Thursday, November 15, 2012

Are you in the line of Apostolic Succession?

     Apologies for the delay in getting this out:  I got sidetracked by the political revolution!  I've transitioned drastically in study contexts:  I just finished Leviticus, and have been struck several times by nagging questions in 2 Corinthians (my pastor is preaching through the book), which my personal studies have bypassed so far.  I'm happy to have the chance to get those questions resolved, and share any nuggets with you.
     So I was diving into 2 Cor., praying for new insight from God in verses that I struggle not to be bored with;  you know the ones... "Paul an apostle...  Grace and peace to you..." (all of his epistles open this way, and Paul bats 1000: 13/13 in following his name with wishes of grace and peace).  Don't get me wrong:  there are vital concepts that we must grasp in just those words, and I'll be the first to tell you that Paul's top priority in his introductions was not (and shouldn't have been!) originality or keeping me entertained.  So I was overjoyed when God answered my prayer and revealed something I hadn't considered before!
This is my wallpaper right now!
     Some of you may not be intimately familiar with the Roman Catholic Church;  this is likely the time of the year that awareness (to use a popular term) of the divide between that church and Christianity is at its highest, because of the fresh observance of Reformation Day (Halloween for all of you with a sugar fix!).  The primary concerns of the Reformers are embodied in the "5 Solas", which are the central concepts of true religion and areas of irreconcilable contrast between the Reformers and Rome.  But believe it or not, that's not what God brought to my mind regarding 2 Cor 1:1-2:  I was inexplicably drawn to Paul's claim of apostleship, and its implications.  Another more minor difference between Protestants and Catholics is  where we derive our authority from:  in addition to the authority of Scripture, Catholics believe that the current Pope is the most recent in an unbroken chain of bishops of Rome, straight down from Peter himself; and as such, the Pope has the keys to the kingdom of God, to bind and loose, and to definitively interpret Scripture for the rest of the Church (mistakenly drawn from Matt 16 and 18).  This line of apostolic succession is a long chain (264 men by one count) and for those who investigate a little more closely, pesky questions about feuds and squabbles between bishops and at one point, 3 different men who all claimed to be pope!  So to put it mildly, there are a few problems with this version of apostolic succession;  imagine having a question about doctrine and being required to check with 264 guys on it (that's assuming they all agreed;  there are several times when popes contradicted each other!).
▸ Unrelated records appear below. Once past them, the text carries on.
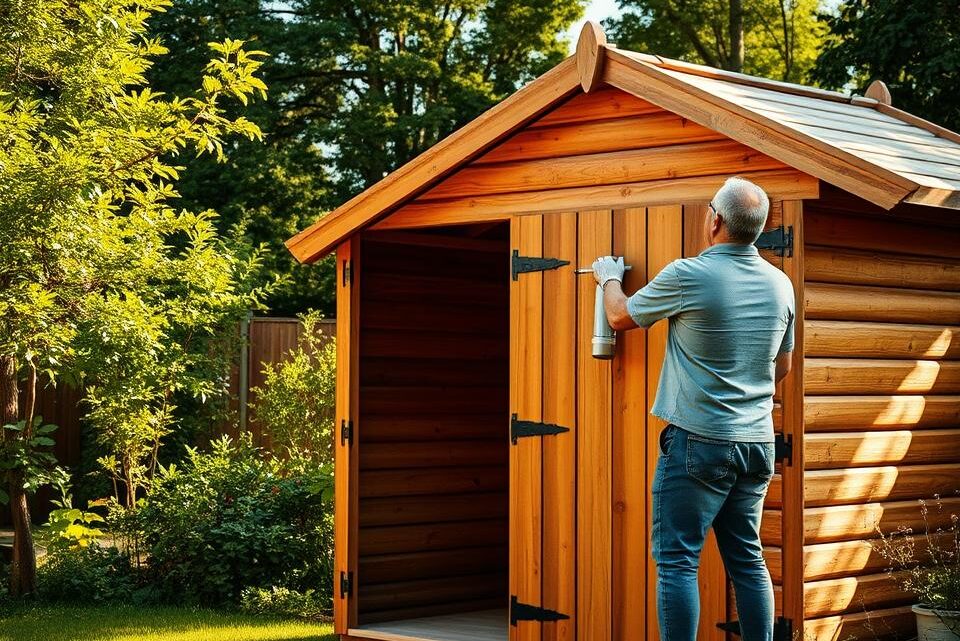 Gartenhaus imprägnieren: Schutz vor Feuchtigkeit und Schädlingen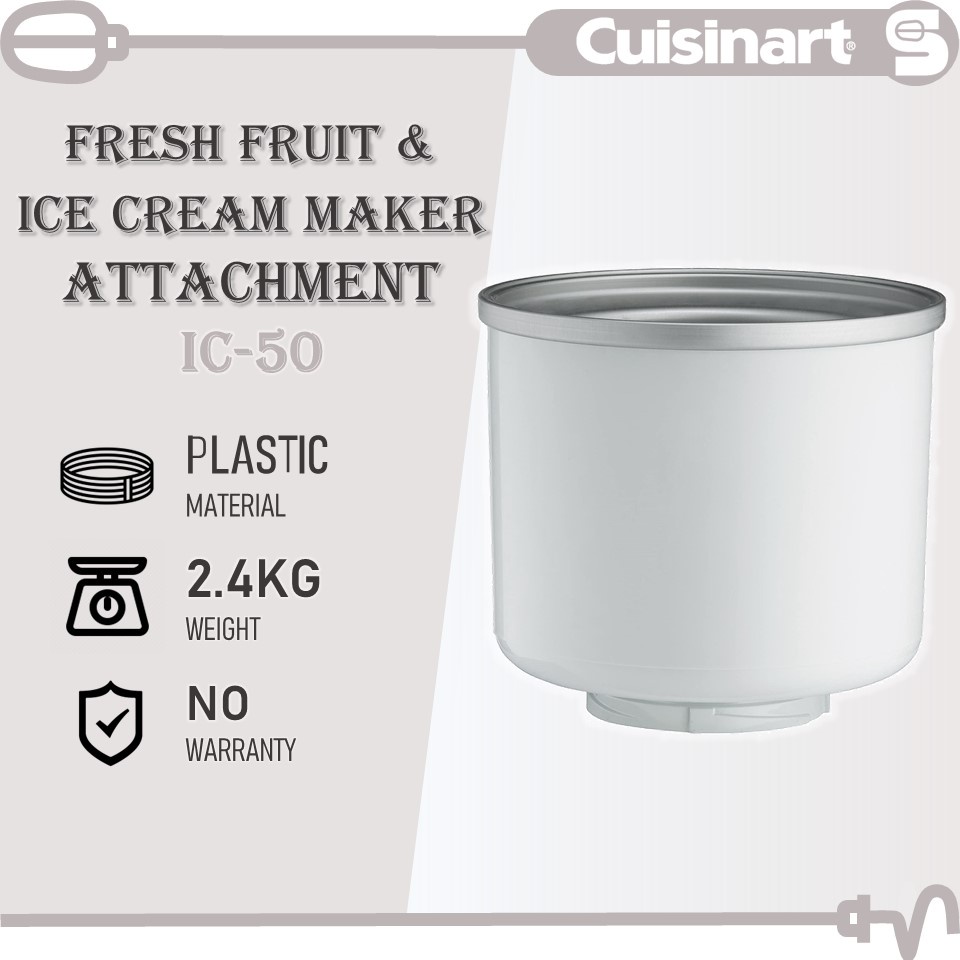 CUISINART Fresh Fruit & Ice Cream Maker Attachment for Precision Master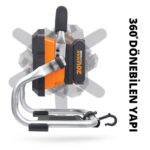 WORX WX026.9 20Volt 1500 Lümen Profesyonel Led Projektör (Akü Dahil Değildir) - Görsel 2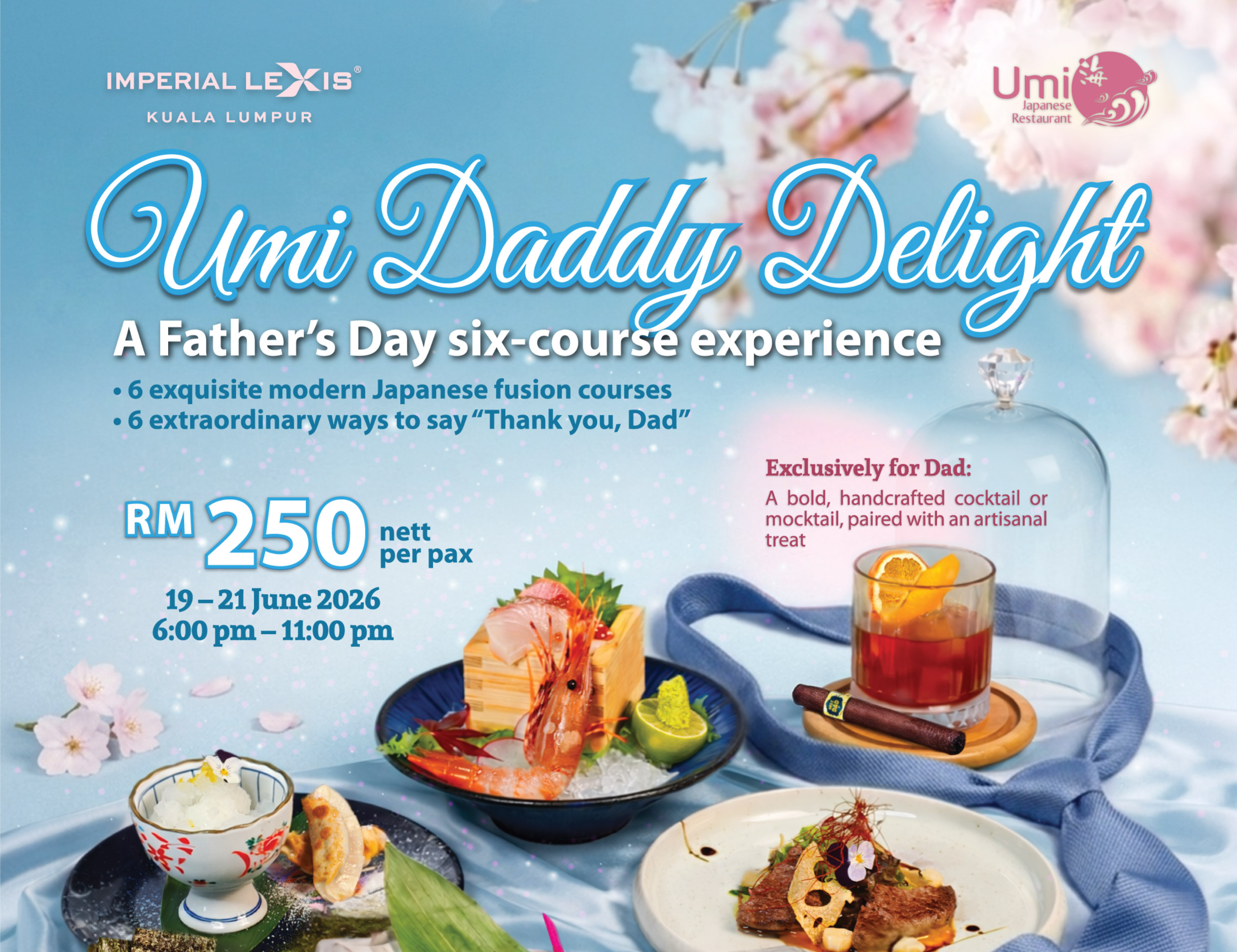 Father's Day Course Dinner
Oh... is that how you're supposed to read the Bible?
     So should we throw the baby out with the bathwater and say there's no succession between the apostles and us?  I should say not;  I think there is a much more helpful way to teach this doctrine and live under apostolic authority, a way that's directly drawn from God's Word.  But we must separate the authority of 2 spheres:  biblical interpretation and church governance.  We'll spell those out next time.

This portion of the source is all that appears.